DATA EXTRACT below:
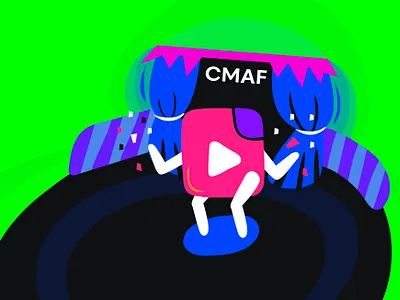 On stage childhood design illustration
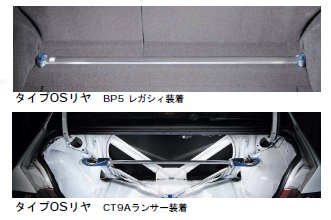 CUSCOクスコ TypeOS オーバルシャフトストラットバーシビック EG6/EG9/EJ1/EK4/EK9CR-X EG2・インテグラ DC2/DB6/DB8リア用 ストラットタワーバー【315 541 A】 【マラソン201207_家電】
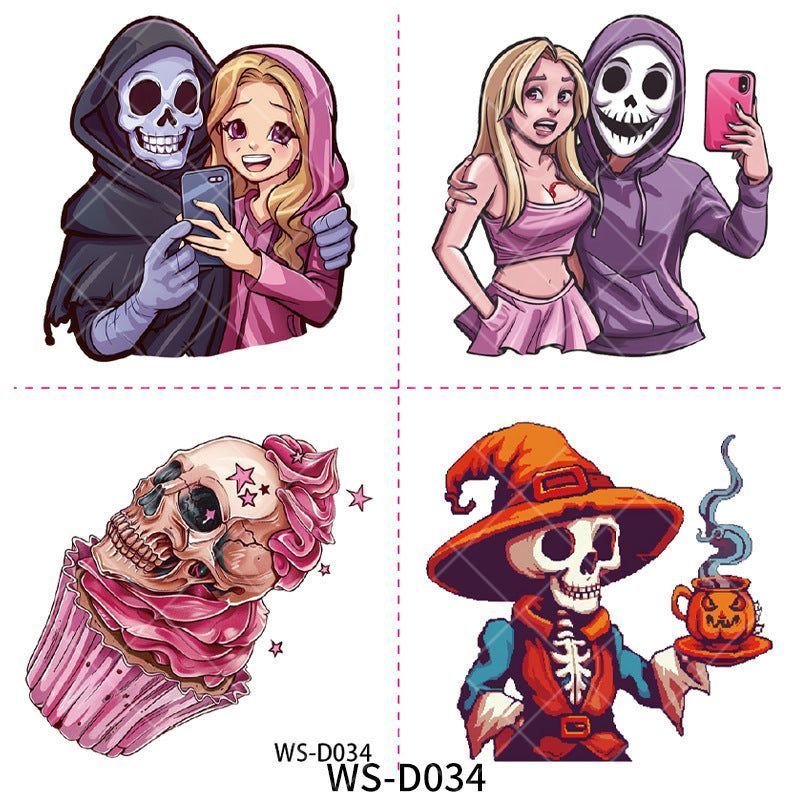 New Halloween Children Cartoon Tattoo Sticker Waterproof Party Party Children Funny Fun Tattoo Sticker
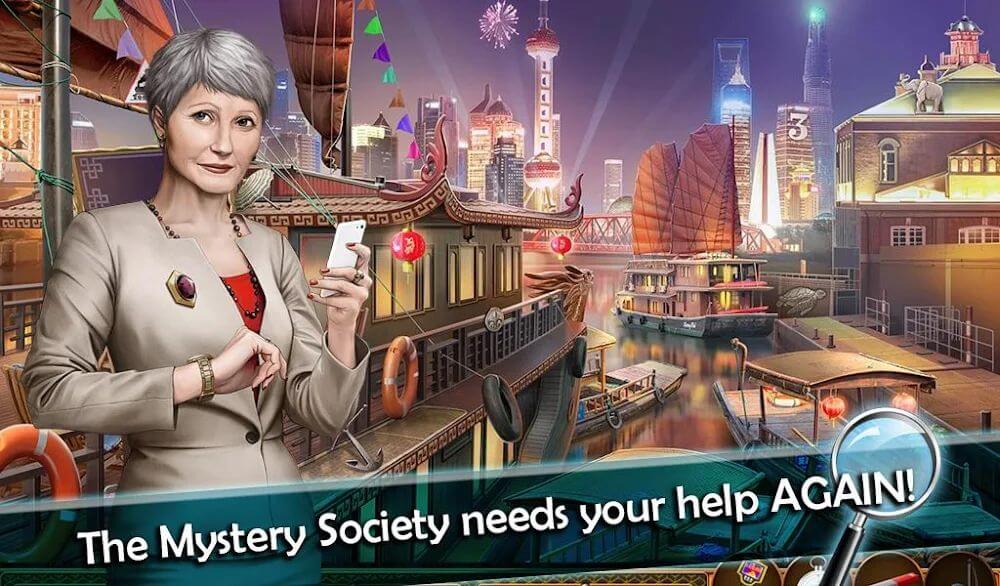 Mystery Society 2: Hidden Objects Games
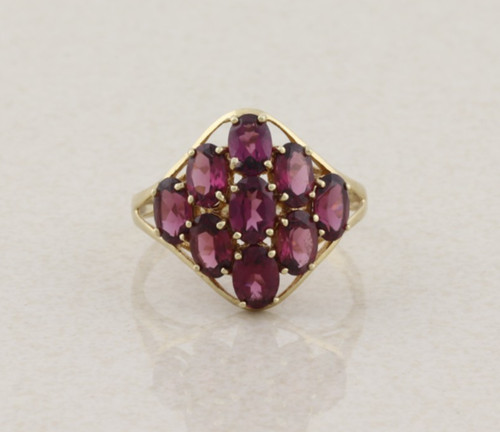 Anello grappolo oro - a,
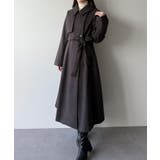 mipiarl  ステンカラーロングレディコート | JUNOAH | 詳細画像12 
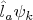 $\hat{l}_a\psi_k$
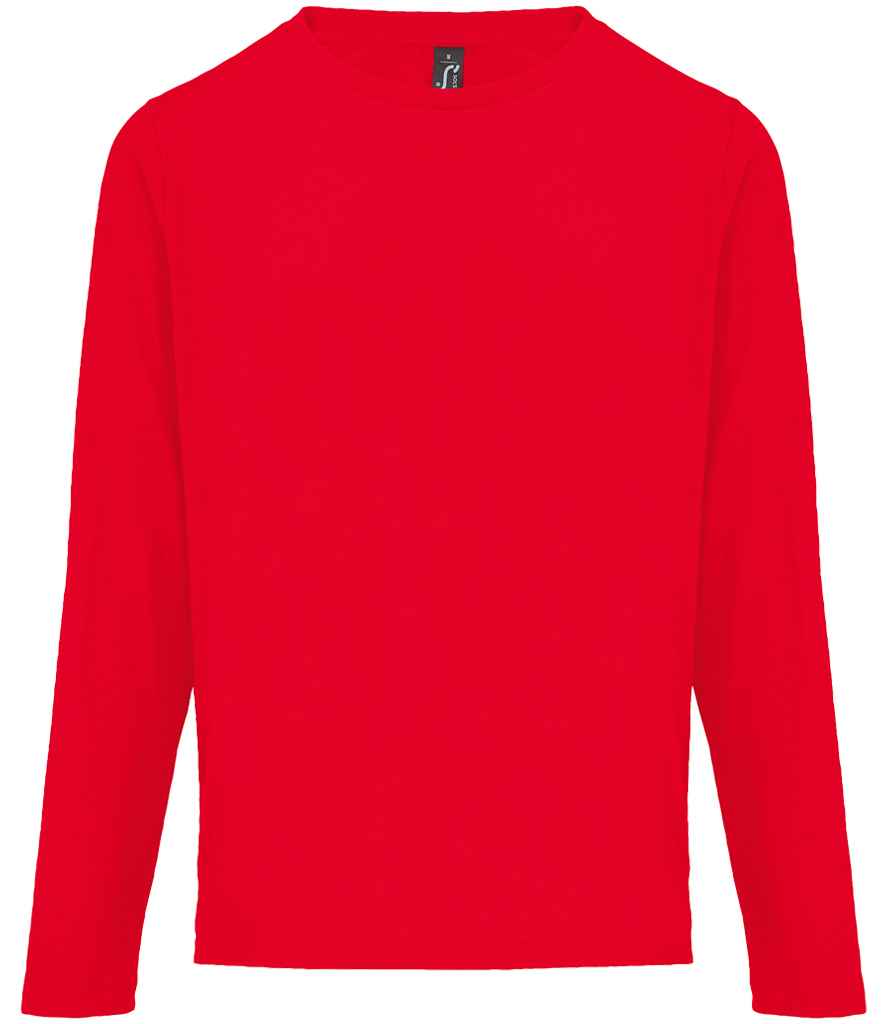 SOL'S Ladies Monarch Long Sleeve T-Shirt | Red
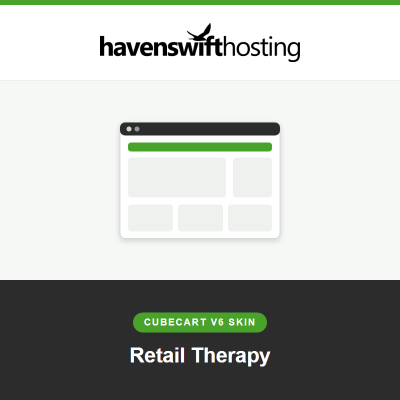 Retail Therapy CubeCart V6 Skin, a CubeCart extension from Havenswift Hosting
End of DATA EXTRACT.
DATA EXTRACT below:
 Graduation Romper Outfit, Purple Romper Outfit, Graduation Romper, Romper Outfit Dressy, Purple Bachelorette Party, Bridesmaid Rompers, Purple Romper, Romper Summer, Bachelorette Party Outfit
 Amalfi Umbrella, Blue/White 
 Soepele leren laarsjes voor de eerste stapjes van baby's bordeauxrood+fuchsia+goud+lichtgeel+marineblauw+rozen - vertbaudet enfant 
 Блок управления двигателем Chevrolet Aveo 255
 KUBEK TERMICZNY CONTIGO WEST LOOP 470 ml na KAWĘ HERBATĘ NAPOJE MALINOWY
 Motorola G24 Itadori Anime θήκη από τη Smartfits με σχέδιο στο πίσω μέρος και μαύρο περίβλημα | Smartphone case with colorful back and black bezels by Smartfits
End of DATA EXTRACT.
Set down again, word for word, every line from the one with "New Halloween Children" to the one with "Retail Therapy CubeCart" in the entries above, and omit the pictures.

**ANSWER SPACE**
 New Halloween Children Cartoon Tattoo Sticker Waterproof Party Party Children Funny Fun Tattoo Sticker
 Mystery Society 2: Hidden Objects Games
 Anello grappolo oro - a,
 mipiarl  ステンカラーロングレディコート | JUNOAH | 詳細画像12 
 $\hat{l}_a\psi_k$
 SOL'S Ladies Monarch Long Sleeve T-Shirt | Red
 Retail Therapy CubeCart V6 Skin, a CubeCart extension from Havenswift Hosting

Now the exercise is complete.